Friday, July 25, 2025

       "Do not rejoice at your enemy's misfortunes," a Hebrew proverb says, "but want the best for him."  Or God will bless him anyway.

painting

    In this era of highly polarized political dialogue and disputation, avoiding what we might call Schadenfreude (taking pleasure in the misfortunes of those with whom we may disagree) is difficult.  However, it seems to be the only way forward.  We demean ourselves if we suppose our integrity to be ours, and ours alone.  There is always a bigger picture. 

    And we do not paint it.  Although it may be easy enough to say that, well, one day God will judge all things and hold everyone accountable for his or her deeds, I'm not sure this resolves the issue.  We do not live in the "later;" we live in the here and now.

    Yet unless there is a bigger picture--and a larger vision of newness--we have no business judging anyway.

Wednesday, July 23, 2025

  

Dark-haired man in light colored short-sleeved shirt working on a typewriter at a table on which sits an open book
Ernest Hemingway

      Isn't truth a funny word?  Most of us appreciate it, most of us desire it.

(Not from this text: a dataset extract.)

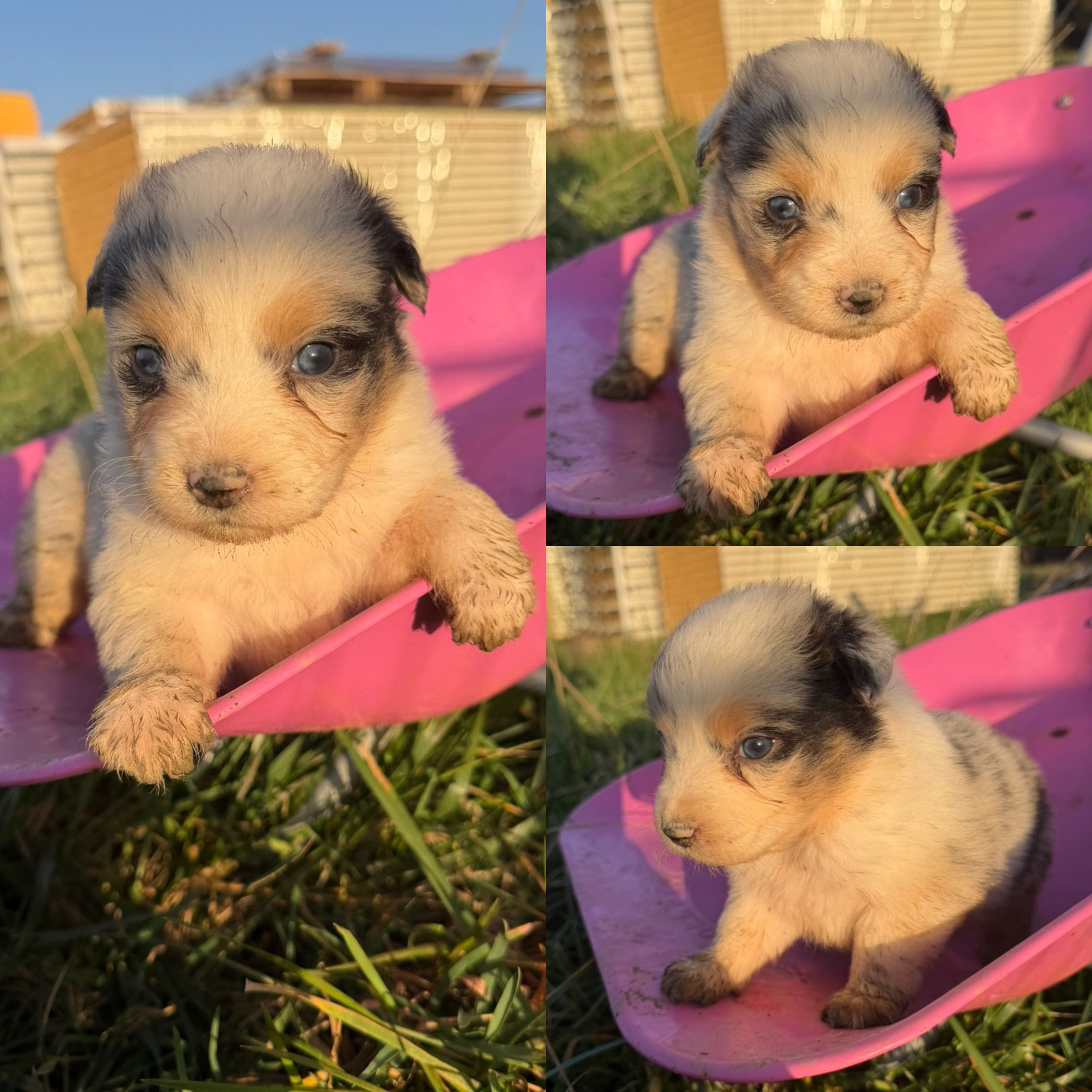 De La Truffe Royale - Chiots disponibles - Berger Australien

Very few of us, however, can define it.  Philosophers tell us there are essentially two ways of looking at truth.  The correspondence theory suggests that truth is simply that which corresponds to reality.  While this seems logical enough, it raises other questions:  how do we know what is real and how do we therefore know what corresponds to it? 

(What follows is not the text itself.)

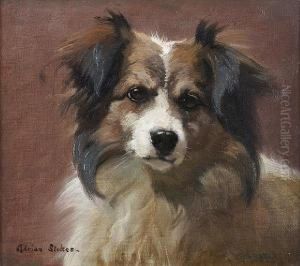 Portrait Of A Border Collie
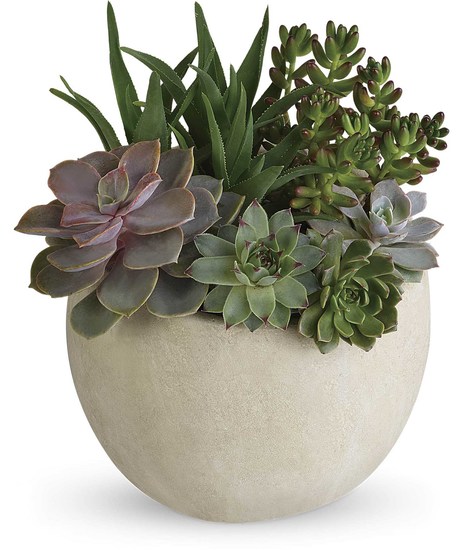 Desert Beauty Succulent Garden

    Taking a different tack, the coherence theory holds that truth is the sum total of what seems apparent, logical, and right.  Truth is not fixed but is rather what appears to be most correct based on the prevailing evidence.  Yet how do we decide what is most correct and right?

     Though I see virtue in both perspectives, I won't try to reconcile them now.  I merely wish to make an observation about the necessity of truth.  When we insist that truth is relative or a creation of the moment, we are essentially saying that truth does not exist.  If so, we have no good reason to hold that even we exist.  If nothing holds, if nothing is sure, then neither are we.

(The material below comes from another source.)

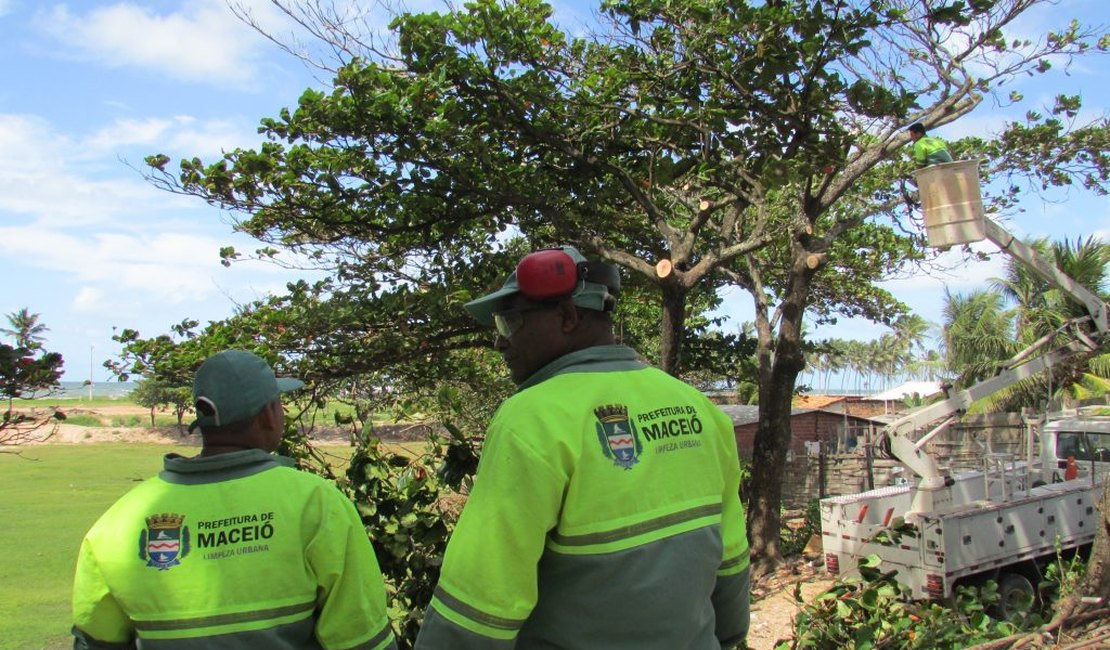 Confira a programação de poda de árvores em Maceió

     We need truth to be truth.  Otherwise, we became like the protagonist of Ernest Hemingway's Farewell to Arms, who, in the final scene of the novel, when he has just watched his wife die giving birth to his child, and then stood by as the child died, too, "put on his hat and walked into the rain."

    The end.

Monday, July 21, 2025

     He's most famous for his painting "The Scream," his portrayal of, as his biographer Sue Prideaux puts it, "the loss of meaning inflicted by the death of God."  But the Norwegian painter Edvard Munch had some insightful things to say about suffering.  

    "I must retain my physical weaknesses; they are an integral part of me.  I don't want to get rid of illness, however unsympathetically I may depict it in my art . . . My fear of life is necessary to me, as is my illness.  Without anxiety and illness, I am a ship without a rudder.  My art is grounded in reflections over being different to others.  My sufferings are part of my self and my art.  They are indistinguishable from me, and their destruction would destroy my art.  I want to keep those sufferings."

    And, "What is art, really?  The outcome of dissatisfaction with life, the point of impact for the creative force, the continual movement of life . . . in my area I attempt to explain life and its meaning to myself."

    However tragic we may consider "The Scream" to be, we can certainly thank Munch for his erudite perception of the importance of malaise and hardship in the formation of a wise human being.

    God is working even when we may not believe he's there.